At DeltaX, we have been dabbling with Internet Scale and High Availability for our core tracking and ad-serving services. We have had our fair share of battles, wounds, victories and a host of untold stories. Today, I shall dabble into some learnings keeping the stories for another day.

When designing architecture for mission critical systems the two most commonly discussed aspects are scalability and availability. Most often than not both aspects are used interchangeably. Scalability is about being able to handle increasing load while availability is keeping the system operational by decreasing downtime. Designing Highly Available systems is focusing on the qualitative measures to reduce downtime and eliminating the single point of failures (SPOFs). Here are some learning and thoughts on things to consider while architecting an HA system.

1. Accept Failure

This is contrarian to what we set out to achieve but with all things that start in the head, you have to first get the monkey out of your head. So, if someone comes up to you and informs you that have to build a system which has zero downtime and should be running 99.999% uptime (also called five 9s which is a gold standard). Our first reaction would be to ensure we code in such a way that the system will never fail, handle all exceptions, scale to ensure that it can handle increasing load and hence will never have a downtime. Instead for a second, pause and first accept failure. Accepting failure doesn’t mean that you are building for failure but you accept that irrespective of what you do - it can still fail and so you have to consider, reconsider and plan your system around being able to fail and still keep running.

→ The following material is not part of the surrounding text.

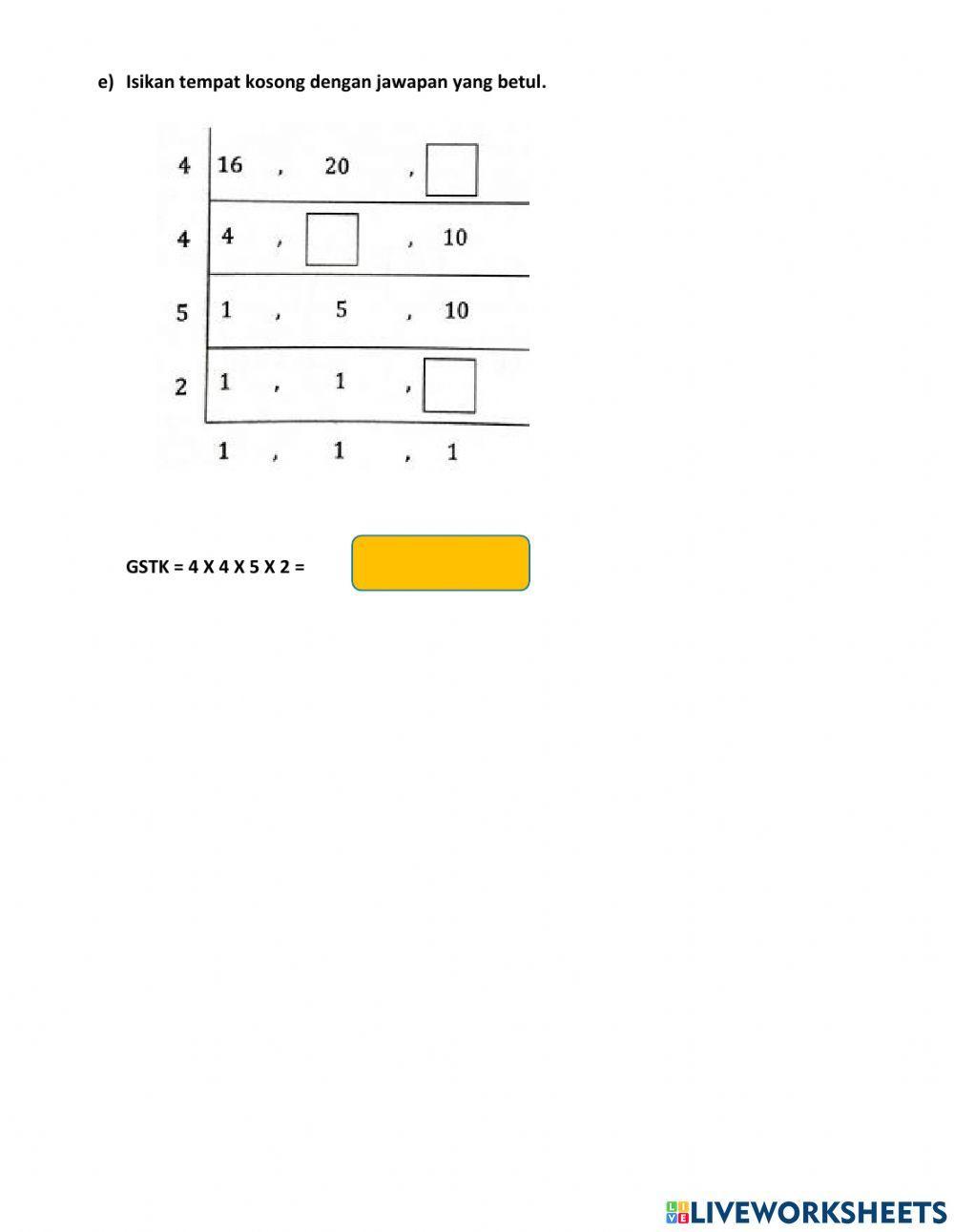 Bab 2 faktor dan gandaan matematik tingkatan 1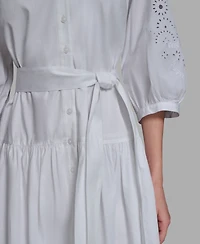 Karl Lagerfeld Paris Women's Poplin Eyelet Button Front Midi Dress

Next two learnings will talk more about how to fail - like a gentleman.

2. Redundancy, Failover and Recovery (avoid SPOF)

Building redundancy is about ensuring that there are alternate paths in the system to keep functioning (albeit at lower capacity) while failover is switching to the alternate path. The switch over ideally has to be automatic to ensure that there is no manual intervention needed. Once we have a system which fails over it’s very important to have a recovery plan to be able to resurrect the failed path otherwise there is a high chance the will result in additional load and may cause congestion or subsequent failures (snowball-effect). The recovery may be automatic or even manual.

Let’s take a classic example of a web server to understand redundancy and failover.

Now let’s add a load balancer in between and have two servers responding to requests; while the load balancer will ensure that whichever server is ‘healthy’ will be the one receiving requests from the load balancer. As soon as it detects that one of them is ‘unhealthy’ it shall redirect the requests to another one.

Although, this ensures that we have redundancy and also automatic failover - the load balancer in itself is now a SPOF. So, let’s try an alternate setup where we have two load balancers and two servers.

This is a simplistic schematic setup; production systems are more complex and have more moving parts. While we ensure automatic failovers it’s really important to be able to recover from failure. A simple example here could be that once the load balancer detects a web server to be ‘unhealthy’ it’s important to ensure that either we are able to automatically recover by swapping out the web server with a healthy one.